* DIRECTIONS FOR THIS TASK:
Repeat, line for line, only the span that opens at the "7901 46TH Avenue - Photo 5" line and closes at the final line below. Skip the pictures.

Stored records:
"""
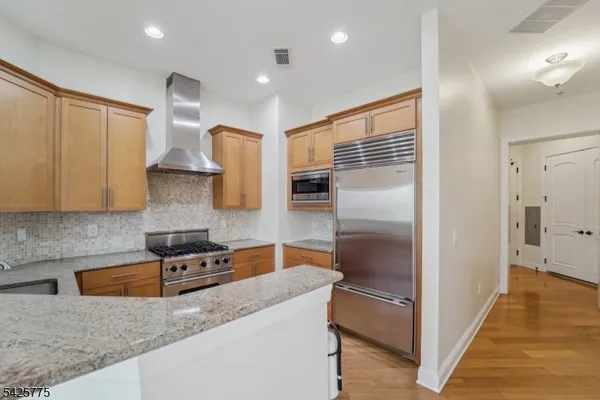 $4,700 | 1212 The Plaza, Tenafly, NJ 07670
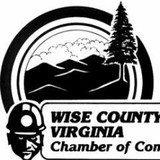 Chamber-Commerce Wise County - Other in Norton
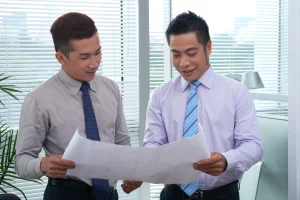 Contoh Membuat Surat Penawaran Kerjasama yang Efektif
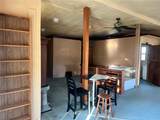 7901 46TH Avenue - Photo 5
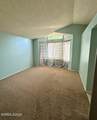 6326 Blue Lakes Court - Photo 9
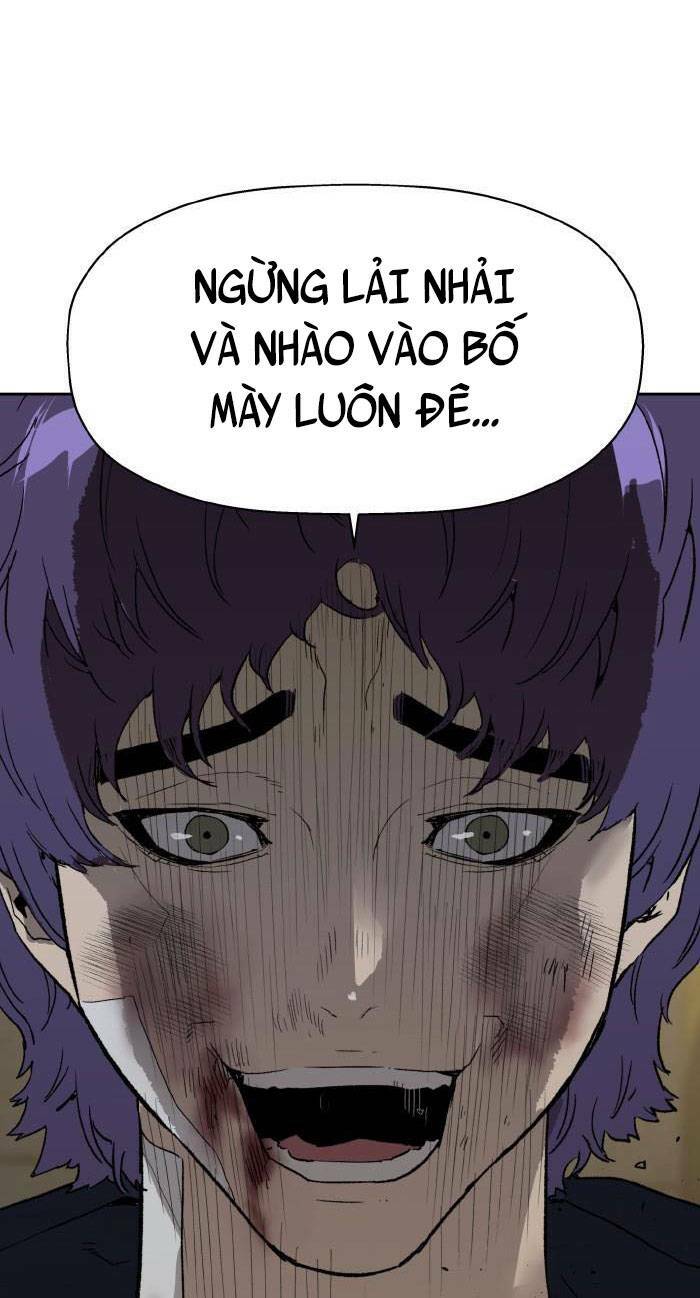 Weak Hero Chapter 196 - Trang 2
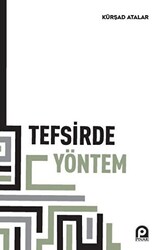 Tefsirde Yöntem - 1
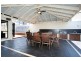 13 Clarance Street, Wakerley QLD 4154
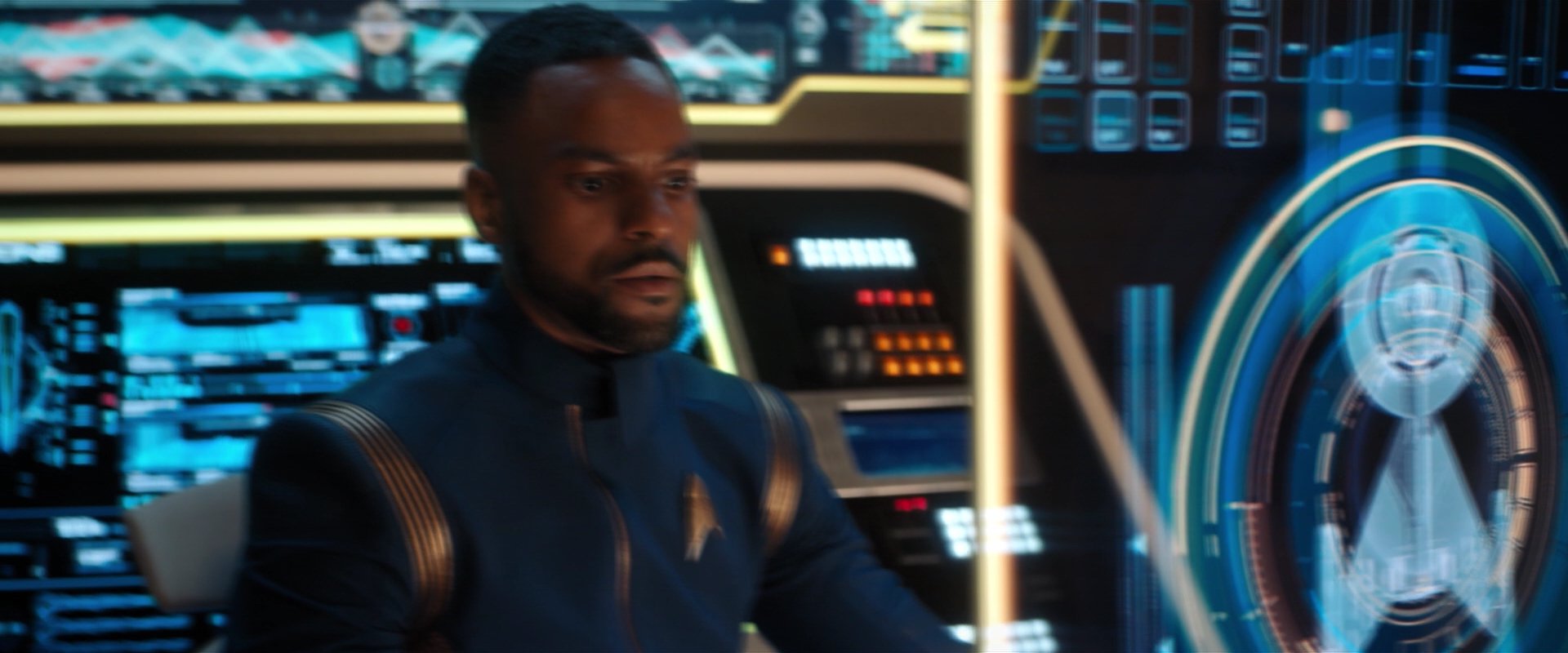extant_StarTrekDiscovery_2x01-Brother_03354.jpg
"""
* RESULT FOR THIS EXERCISE:
 7901 46TH Avenue - Photo 5
 6326 Blue Lakes Court - Photo 9
 Weak Hero Chapter 196 - Trang 2
 Tefsirde Yöntem - 1
 13 Clarance Street, Wakerley QLD 4154
extant_StarTrekDiscovery_2x01-Brother_03354.jpg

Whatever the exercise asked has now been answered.